We share her growing dread as the Third Reich makes inroads; the banality of its particular evil is conveyed well in her descriptions. After Hitler comes to power she mentions how an inspection of whether she was following the “eintopf” (“one pot” regulation in which everyone was supposed to donate money saved from eating frugally to the Nazi cause) leads to her first interrogation by the Gestapo. She is released (after praising the Autobahn) but decides to leave her beloved bookshop straight after Kristallnacht as she perceives that the people are not prepared to protest against the atrocities and wants to avoid seeing: “the rapid transformation of German children into the restless larvae of the Hitler Youth”.

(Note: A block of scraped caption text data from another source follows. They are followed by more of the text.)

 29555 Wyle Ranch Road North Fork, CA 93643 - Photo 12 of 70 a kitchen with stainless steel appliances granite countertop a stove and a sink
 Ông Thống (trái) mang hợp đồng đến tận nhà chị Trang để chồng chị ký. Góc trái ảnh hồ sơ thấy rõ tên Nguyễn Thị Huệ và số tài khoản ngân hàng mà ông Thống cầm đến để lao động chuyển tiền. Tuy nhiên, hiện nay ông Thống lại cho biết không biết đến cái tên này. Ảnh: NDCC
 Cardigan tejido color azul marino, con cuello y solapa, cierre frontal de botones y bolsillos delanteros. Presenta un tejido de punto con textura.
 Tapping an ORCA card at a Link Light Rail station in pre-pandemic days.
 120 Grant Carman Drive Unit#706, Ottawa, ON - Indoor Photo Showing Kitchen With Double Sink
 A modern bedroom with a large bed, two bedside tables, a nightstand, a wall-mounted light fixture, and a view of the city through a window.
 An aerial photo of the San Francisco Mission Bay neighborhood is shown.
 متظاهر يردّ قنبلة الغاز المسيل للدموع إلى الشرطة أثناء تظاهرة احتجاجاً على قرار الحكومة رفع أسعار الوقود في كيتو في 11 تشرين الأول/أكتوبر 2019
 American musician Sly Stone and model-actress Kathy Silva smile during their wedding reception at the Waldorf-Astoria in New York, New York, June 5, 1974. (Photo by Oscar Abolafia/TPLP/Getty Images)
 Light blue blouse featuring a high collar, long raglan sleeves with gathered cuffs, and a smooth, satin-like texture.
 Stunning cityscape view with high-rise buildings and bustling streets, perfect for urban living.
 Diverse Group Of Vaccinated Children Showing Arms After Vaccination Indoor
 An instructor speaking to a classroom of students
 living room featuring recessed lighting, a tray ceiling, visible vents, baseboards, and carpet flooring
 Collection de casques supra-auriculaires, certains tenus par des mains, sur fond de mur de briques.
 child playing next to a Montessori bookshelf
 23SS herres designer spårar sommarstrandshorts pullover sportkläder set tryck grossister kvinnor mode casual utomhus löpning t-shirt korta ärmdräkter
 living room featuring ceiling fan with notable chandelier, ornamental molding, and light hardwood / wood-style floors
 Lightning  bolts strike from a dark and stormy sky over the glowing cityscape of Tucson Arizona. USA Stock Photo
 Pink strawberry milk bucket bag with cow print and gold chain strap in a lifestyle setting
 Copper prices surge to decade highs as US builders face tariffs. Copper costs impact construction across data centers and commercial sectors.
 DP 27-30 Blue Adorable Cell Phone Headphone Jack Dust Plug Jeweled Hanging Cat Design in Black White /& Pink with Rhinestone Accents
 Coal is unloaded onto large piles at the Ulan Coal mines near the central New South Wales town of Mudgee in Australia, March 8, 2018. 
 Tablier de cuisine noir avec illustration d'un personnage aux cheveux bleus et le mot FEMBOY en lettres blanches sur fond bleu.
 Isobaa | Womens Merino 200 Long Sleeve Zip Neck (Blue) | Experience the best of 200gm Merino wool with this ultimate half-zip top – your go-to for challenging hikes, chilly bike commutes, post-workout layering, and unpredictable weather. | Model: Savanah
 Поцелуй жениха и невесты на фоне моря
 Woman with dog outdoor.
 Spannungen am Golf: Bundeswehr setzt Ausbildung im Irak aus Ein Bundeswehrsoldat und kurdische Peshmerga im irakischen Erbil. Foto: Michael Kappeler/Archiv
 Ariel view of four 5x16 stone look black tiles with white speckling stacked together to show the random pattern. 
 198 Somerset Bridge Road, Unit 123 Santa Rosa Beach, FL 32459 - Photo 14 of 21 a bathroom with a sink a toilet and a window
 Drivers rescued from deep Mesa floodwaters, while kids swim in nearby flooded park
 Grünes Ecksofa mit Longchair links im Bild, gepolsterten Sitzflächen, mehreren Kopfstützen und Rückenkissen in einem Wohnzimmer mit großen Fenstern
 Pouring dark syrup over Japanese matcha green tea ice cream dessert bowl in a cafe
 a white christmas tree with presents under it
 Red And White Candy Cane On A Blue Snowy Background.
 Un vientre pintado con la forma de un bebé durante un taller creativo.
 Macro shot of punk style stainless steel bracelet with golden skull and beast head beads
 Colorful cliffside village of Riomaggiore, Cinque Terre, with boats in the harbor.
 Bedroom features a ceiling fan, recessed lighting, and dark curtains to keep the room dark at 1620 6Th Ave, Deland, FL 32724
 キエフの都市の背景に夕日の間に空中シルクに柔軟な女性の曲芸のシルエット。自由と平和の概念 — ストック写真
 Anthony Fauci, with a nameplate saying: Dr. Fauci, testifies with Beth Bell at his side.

There is a simultaneous poignancy in the way she pays tribute to “some brave souls” who tried to resist Hitler and paid the price, including “desperate souls who had thrown themselves under trains or out of windows; the permanent disappearances in concentration camps; the return, after long absences, of customers — such elegant and enlightened minds — heads shorn like convicts, anxious, with faraway expressions and trembling hands”.

Hunted through the south of France, Frenkel is by turns émigré, fugitive, prisoner and refugee. She describes the mass of people fleeing Vichy with a visceral intensity: “Perched on chairs, the old people were balancing a child, a cat, a dog, a cage, baskets or loaves of bread on their laps. Next to them, livestock and rabbits. As far as the eye could see, cyclists were hemmed in by more trucks, horse-drawn vehicles, and cars covered in mattresses.”

Watchful and critical, she praises the many selfless acts of solidarity that guide her past the Nazis and even manages to find humour in her more exploitative hosts (the worst of these takes a week’s worth of groceries and cigarettes before evicting her).

It is hard to believe that Frenkel survived this impossible picaresque nightmare but she keeps the reader fixed and breathless at every twist of disappointment and solidarity. This book is valuable both as the document of a survivor and as a warning of how insidiously fascism can strangle justice and wreak lives if unchallenged; it ranks with the very best of war memoirs.